There used to be a time when a simple resume, a warm smile and a firm handshake were all you needed to land that new job. But we live in a new age, one dripping in technology and social media personas. Relying on just a resume while ignoring professional platforms, like LinkedIn, just may cost you that job.

According to an article from U.S.News, employers are looking at potential employee’s social media sites, like Linkedin, to get to know them prior to hiring. The article advises:

“LinkedIn profiles should be more personal and more engaging than a resume. And as LinkedIn has become more robust, with the capability to link files, videos, portfolios, and other beneficial information, it often provides a portrait that is richer and deeper than a resume. Multimedia presentations, projects, and videos are more common elements of LI profiles. Summaries continue to become more creative in presenting motivation, passion, and individuality.”

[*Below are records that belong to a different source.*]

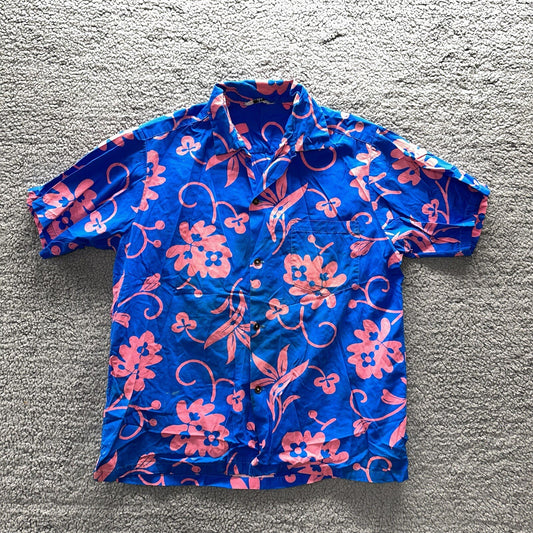 Vintage 50s Hawaiian Aloha Print Shirt Rockabilly Honolulu 60s Button USA Pink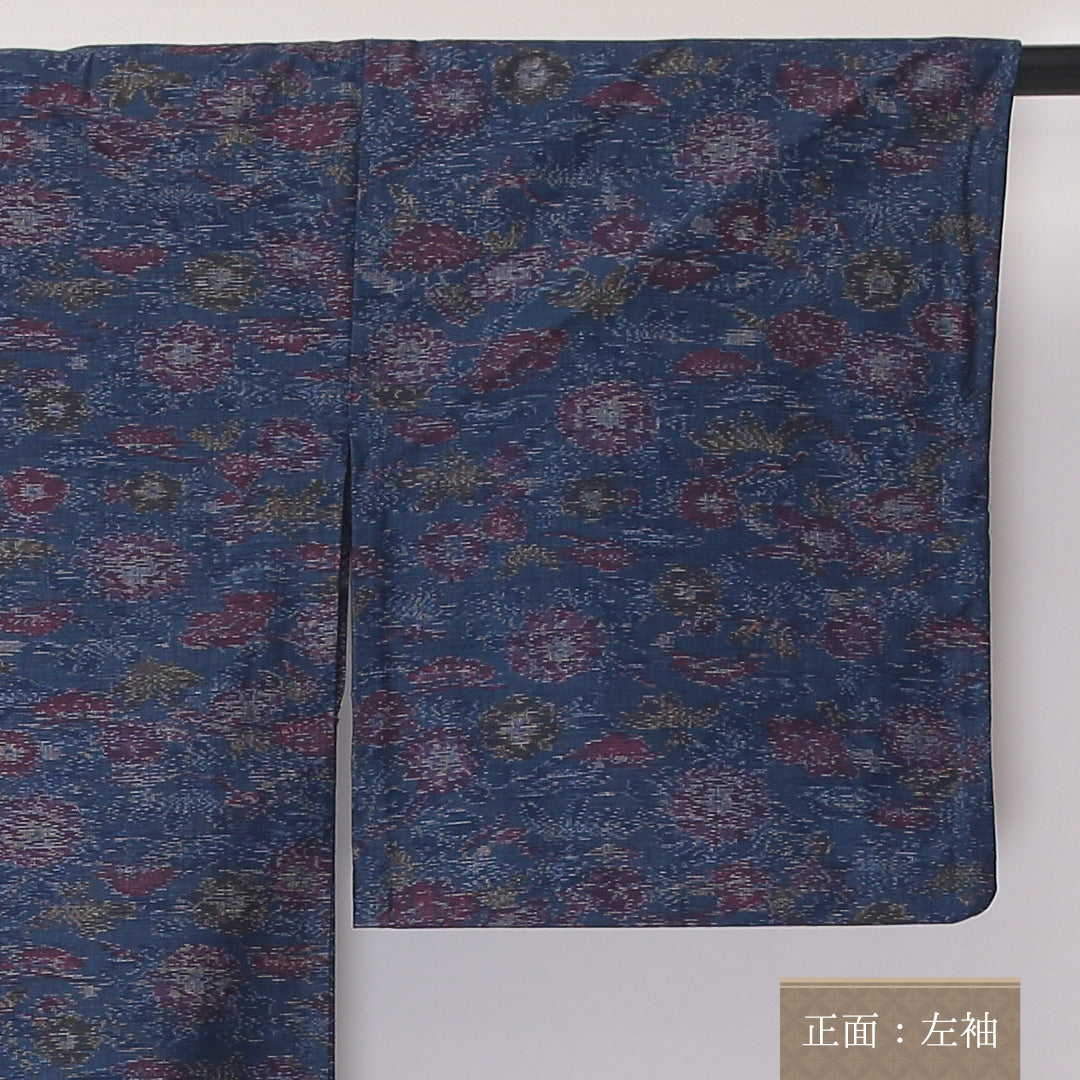 紬 単衣 身丈150cm 裄64cm ウール 洗える着物 ボタニカル 青系 Aランク 1216-00967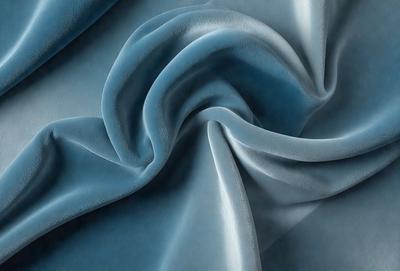 The primary subject of the image is a blue fabric, which is the main object, scene, or focus of the image. The setting or background is a blue cloth, and the visual style is a photo. The dominant colors and overall atmosphere are blue and calm.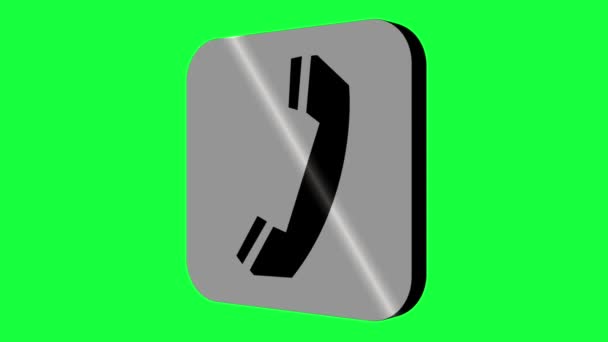 Rotating Telephone Animated Logo Uhd Resolution Green Screen — Stock Video
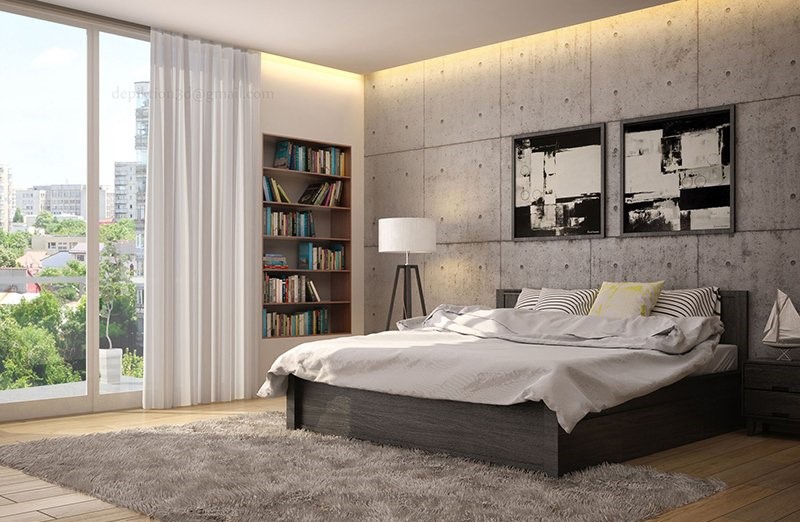 01 Bedroom Ideas with Concrete Walls Home Decor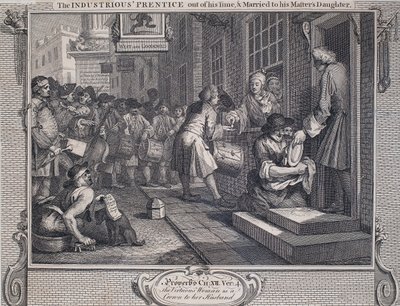 Ipar és tétlenség: Prentice Married (vonalmetszet papírra) alkotó: William Hogarth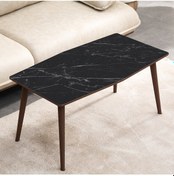 Resim Vovvahome Vega Mdf Ahşap Orta Sehpa - Siyah Mermer 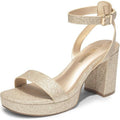 Dream Pairs Womens Size 9 Gold Glitter 3.5" Platform Heel Open Toe Sandal Shoes
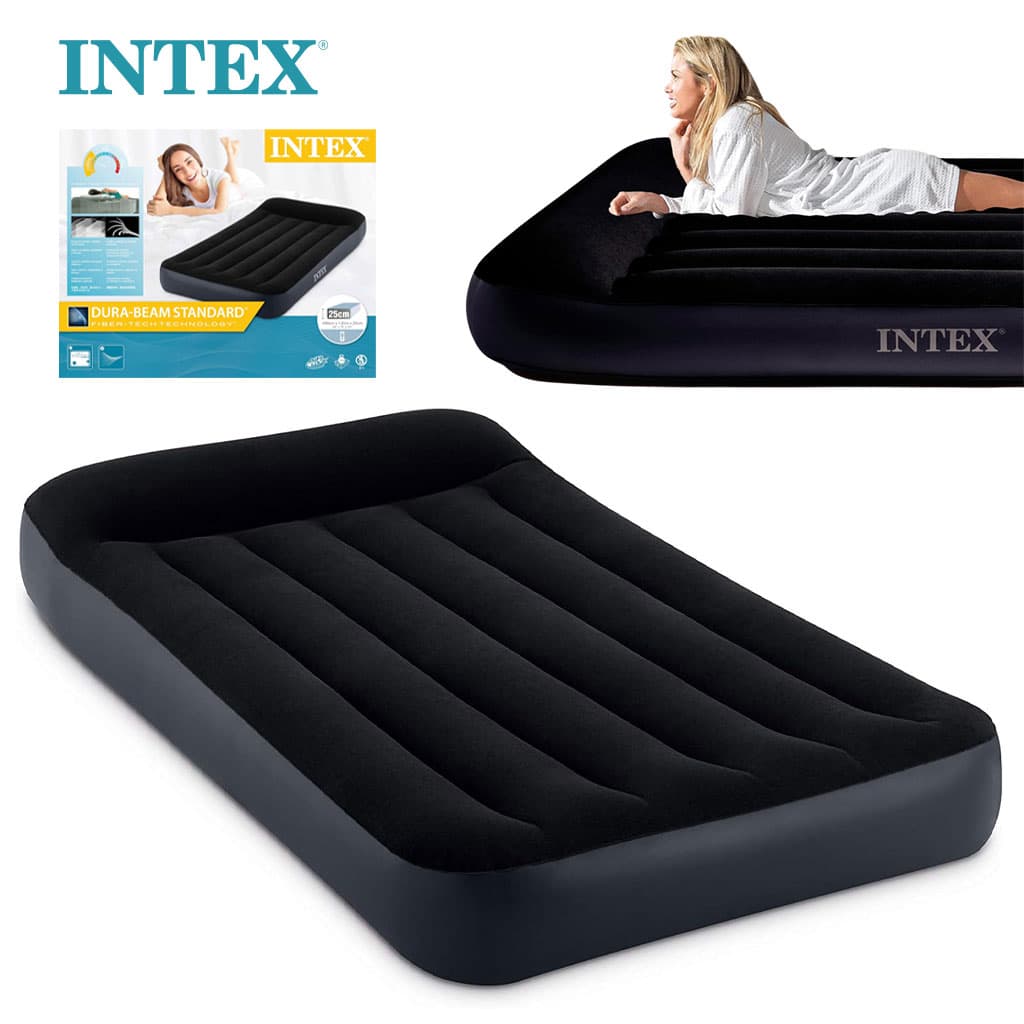 Matelas Gonflable Technologie Fiber-Tech avec Pompe Intégré Intex 64146NP - فرشة إنتكس الهوائية بمضخة قدم ووسادة مدمجة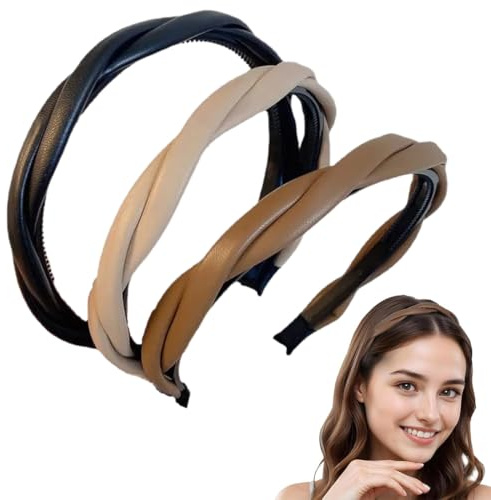 3 Stück Damen Stirnbänder, Leder Stirnband, rutschfestes Haarband, geeignet für Sport, Yoga, Make-up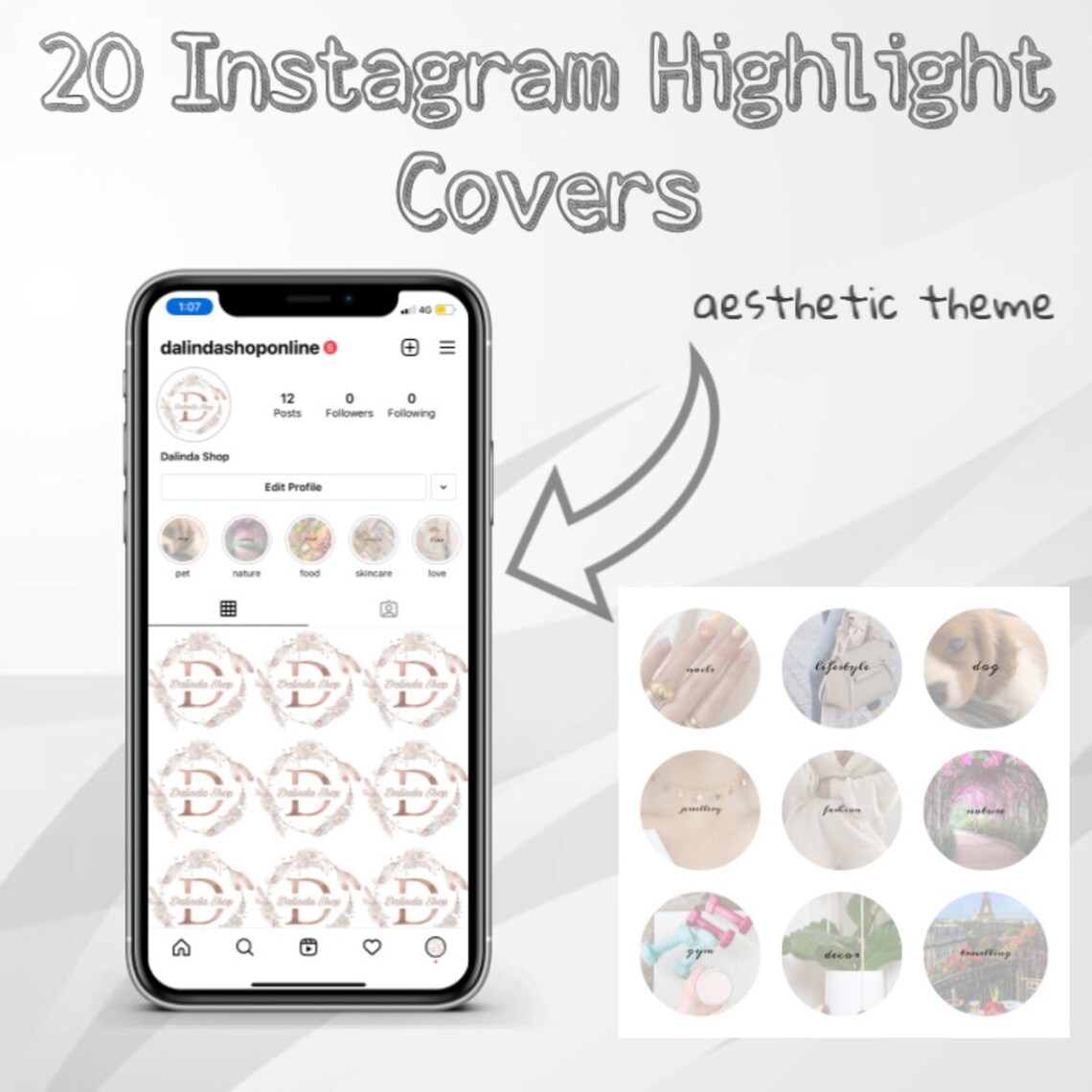 20 Instagram Highlight Covers Aesthetic Theme | Etsy
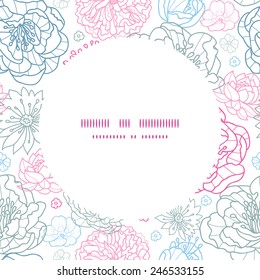 Vector gray and pink lineart florals frame seamless pattern background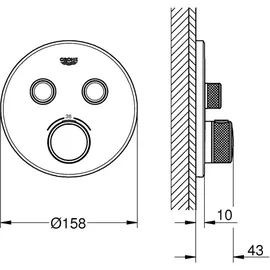 Grohe Grohtherm SmartControl mit 2 Absperrventilen, phantom black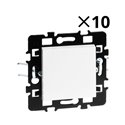 Lot de 10 Commandes Interrupteur/va et vient sans voyant avec griffes Blanc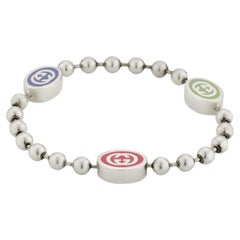 Used Gucci Interlocking G Coloured Enamel Boule Bracelet YBA753442001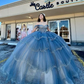 Grey Blue Sparkly Princess Quinceanera Dresses Off Shoulder Luxury Crystal Tiered Skirt vestido xv años Sweet 15 Prom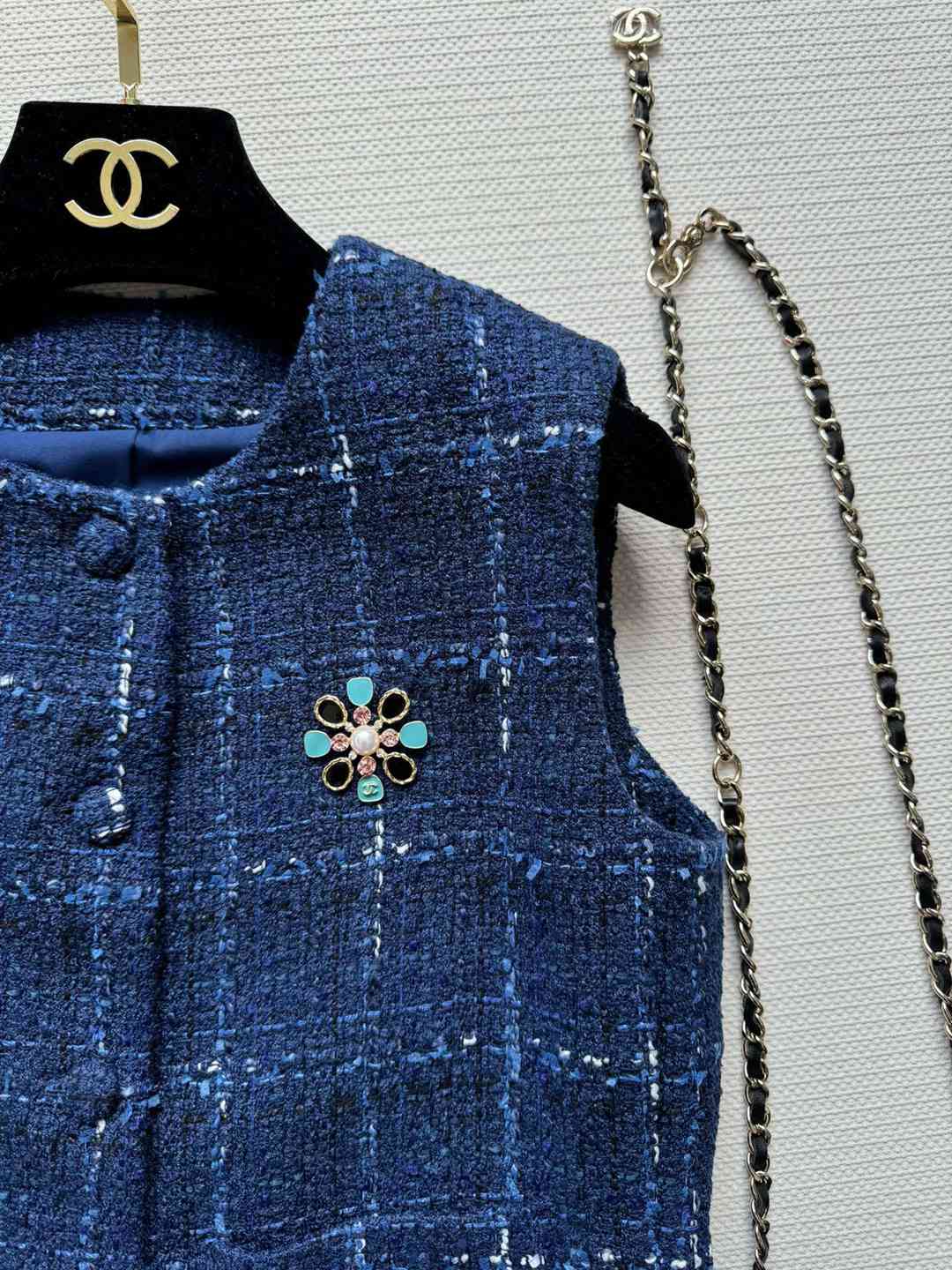 頂級A貨CHANEL非常亮眼復刻文藝氣質女士格紋小香風馬甲背心女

It’s important to show that you’re willing to adapt to this new business landscape and that you are up to date with all of the available social media technologies. Hopefully you’ve already done away with that outdated AOL email domain and removed your pager and/or fax number from your resume. But how about that Linkedin profile page? Is it working for or against your future employment opportunities?

Here are five LinkedIn profile tips that can help complement your resume and land you that job:

Don’t advertise that you are desperately seeking employment. Even if it’s the truth, your profile is not the place to advertise your desperation so remove any wording that includes things like “I need a job NOW so I can pay my bills!”. Instead, you’ll want to list your professional accomplishments showing potential employers how desirable your skills are in the work place.

Follow the companies you would like to work for and make connections with their employees. Growing your network, especially with others in your desired field, shows that you are engaging, your ideas are worth listening to and that you have critical networking resources which are very attractive to employers.

Show your personality. Your resume is pretty cut and dry. It’s probably been edited several times to ensure it’s no more than one page and that your qualifiers are clear, concise and to the point. But it does nothing to show who you are as a person or an employee. Use your LinkedIn profile as a means to express your personality.

Expand on experience. Your LinkedIn profile is the perfect place to link to blog posts or articles you’ve written, videos you’ve created and projects or volunteering opportunities you’ve participated in. You’ll have more space than your resume to expand on both your professional and personal accomplishments.

Manage your recommendations. Most employers read recommendations even if they aren’t a ‘make it or break it’ feature. However, a few well-written recommendations from a diverse group of people who really know you can make an impression. When comparing two equally qualified candidates for one position, recommendations can provide a gentle nudge in your favor. Ask trusted colleagues to write recommendations for you and write recommendations for them in return.

LinkedIn is currently the dominant professional social networking site out there. Keeping your profile updated, engaging in relevant groups and/or posting interesting articles on your home feed will help solidify your professional image.